The effects of a changing climate are visible: droughts, reduced harvests, destruction of critical infrastructure and displacement of communities. Situations like these are forcing different countries to rethink the sustainability of their economic models (Paris Agreement) and put a value on nature that goes far beyond money.
Sustainability is providing for the present needs without compromising future generations’ essentials. Therefore, becoming aware of the importance of moving towards a circular economy (reuse and recycle) adds brand value and competitive advantages to corporations: new business opportunities, attract talent, get tax incentives and subsidies, and more. Therefore, a do-nothing approach can mean a big loss in the future for any type of commerce.
Progress in machine learning (ML) has been driven by trying to improve models in standard benchmark data sets, even though it is estimated that data preparation accounts for 80% of data scientists’ time. The conventional knowledge has been to aggregate all possible data and develop a model good enough to deal with noise.
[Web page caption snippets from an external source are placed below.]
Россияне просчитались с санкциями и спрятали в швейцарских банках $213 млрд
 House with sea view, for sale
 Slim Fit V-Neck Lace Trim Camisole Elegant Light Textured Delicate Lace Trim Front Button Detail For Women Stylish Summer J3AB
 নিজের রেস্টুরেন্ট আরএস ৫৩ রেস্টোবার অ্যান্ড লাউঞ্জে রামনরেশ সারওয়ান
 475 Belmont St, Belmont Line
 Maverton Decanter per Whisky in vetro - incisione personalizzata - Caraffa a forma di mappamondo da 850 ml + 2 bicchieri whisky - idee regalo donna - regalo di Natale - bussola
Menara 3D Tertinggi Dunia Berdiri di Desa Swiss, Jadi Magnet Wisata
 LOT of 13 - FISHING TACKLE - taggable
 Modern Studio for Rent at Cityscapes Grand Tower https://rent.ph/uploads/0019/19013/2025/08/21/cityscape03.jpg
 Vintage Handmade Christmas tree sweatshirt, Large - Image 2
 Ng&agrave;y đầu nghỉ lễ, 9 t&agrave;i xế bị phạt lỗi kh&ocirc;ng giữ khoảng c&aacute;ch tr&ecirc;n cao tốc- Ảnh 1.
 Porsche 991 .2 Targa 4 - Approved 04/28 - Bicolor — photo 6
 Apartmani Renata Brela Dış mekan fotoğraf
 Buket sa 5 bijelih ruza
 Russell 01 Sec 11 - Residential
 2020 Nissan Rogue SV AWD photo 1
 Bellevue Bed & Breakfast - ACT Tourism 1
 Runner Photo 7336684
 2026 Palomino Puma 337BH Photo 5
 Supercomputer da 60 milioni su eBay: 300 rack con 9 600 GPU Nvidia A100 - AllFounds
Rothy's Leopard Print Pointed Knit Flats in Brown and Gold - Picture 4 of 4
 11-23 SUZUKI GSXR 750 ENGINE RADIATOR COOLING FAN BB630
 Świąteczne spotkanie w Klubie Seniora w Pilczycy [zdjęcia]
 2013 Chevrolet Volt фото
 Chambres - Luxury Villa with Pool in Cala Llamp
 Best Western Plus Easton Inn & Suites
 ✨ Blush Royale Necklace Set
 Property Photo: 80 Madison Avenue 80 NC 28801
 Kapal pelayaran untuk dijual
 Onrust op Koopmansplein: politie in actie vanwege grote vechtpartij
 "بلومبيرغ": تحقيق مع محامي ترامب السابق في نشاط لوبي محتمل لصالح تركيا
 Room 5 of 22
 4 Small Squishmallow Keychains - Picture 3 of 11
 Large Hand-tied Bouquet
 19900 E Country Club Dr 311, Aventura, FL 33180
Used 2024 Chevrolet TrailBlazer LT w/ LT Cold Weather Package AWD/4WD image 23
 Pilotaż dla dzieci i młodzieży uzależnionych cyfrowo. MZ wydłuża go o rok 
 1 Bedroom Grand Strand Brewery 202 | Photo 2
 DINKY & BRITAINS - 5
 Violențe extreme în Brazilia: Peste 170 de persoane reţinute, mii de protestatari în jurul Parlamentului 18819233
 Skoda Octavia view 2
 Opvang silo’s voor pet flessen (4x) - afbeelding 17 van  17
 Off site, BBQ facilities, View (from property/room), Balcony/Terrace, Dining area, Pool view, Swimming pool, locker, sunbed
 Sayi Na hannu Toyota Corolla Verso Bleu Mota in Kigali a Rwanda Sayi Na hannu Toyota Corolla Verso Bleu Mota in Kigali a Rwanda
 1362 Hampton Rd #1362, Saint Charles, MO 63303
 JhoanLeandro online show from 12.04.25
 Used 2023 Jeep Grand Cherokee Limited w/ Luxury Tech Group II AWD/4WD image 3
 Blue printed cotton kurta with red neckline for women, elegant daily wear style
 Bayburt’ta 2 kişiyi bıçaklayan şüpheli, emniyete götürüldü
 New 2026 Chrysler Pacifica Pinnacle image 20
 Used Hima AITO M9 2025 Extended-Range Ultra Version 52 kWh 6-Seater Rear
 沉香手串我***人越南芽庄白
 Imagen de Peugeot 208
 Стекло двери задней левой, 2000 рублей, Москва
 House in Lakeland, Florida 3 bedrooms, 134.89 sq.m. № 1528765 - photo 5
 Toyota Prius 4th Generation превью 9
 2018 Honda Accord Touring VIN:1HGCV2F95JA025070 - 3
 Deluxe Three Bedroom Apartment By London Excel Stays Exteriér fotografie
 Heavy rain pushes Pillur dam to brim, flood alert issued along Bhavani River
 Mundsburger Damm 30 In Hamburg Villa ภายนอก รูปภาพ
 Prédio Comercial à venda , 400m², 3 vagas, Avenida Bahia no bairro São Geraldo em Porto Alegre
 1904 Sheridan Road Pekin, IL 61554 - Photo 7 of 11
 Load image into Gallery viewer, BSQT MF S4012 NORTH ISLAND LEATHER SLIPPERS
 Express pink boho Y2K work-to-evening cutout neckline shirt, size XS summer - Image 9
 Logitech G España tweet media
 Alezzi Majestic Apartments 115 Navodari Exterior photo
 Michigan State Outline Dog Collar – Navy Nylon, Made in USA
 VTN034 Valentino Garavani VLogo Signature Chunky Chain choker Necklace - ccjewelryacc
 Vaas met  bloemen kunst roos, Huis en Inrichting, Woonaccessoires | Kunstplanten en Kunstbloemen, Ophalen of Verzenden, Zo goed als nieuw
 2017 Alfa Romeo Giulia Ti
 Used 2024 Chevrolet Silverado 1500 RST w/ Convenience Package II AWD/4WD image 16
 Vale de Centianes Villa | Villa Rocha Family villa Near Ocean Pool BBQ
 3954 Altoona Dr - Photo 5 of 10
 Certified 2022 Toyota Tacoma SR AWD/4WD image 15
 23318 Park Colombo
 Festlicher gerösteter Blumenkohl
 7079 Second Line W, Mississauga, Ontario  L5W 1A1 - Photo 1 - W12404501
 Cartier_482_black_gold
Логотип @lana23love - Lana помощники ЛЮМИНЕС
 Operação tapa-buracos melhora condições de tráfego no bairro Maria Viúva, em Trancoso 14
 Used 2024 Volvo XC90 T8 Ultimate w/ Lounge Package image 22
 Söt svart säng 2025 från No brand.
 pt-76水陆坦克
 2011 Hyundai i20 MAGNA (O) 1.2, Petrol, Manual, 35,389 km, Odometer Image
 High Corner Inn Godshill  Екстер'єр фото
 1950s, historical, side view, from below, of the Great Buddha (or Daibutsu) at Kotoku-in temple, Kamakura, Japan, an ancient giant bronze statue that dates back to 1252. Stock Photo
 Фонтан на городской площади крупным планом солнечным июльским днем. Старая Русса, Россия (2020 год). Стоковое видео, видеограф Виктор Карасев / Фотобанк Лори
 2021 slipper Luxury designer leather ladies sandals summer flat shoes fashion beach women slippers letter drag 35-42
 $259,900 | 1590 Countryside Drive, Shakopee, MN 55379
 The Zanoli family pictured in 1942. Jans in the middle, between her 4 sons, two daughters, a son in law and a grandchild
But utilising lots of low-quality data means more infrastructure resources and energy consumption which are not always feasible for small companies and also have an environmental impact.
Recently, more emphasis has been put on employing a data-centric AI approach or “Good data”. In fact, Andrew Ng, a leading ML technologist, has launched a campaign in which he states that improving existing data quality is equally effective as doubling the training set with new samples.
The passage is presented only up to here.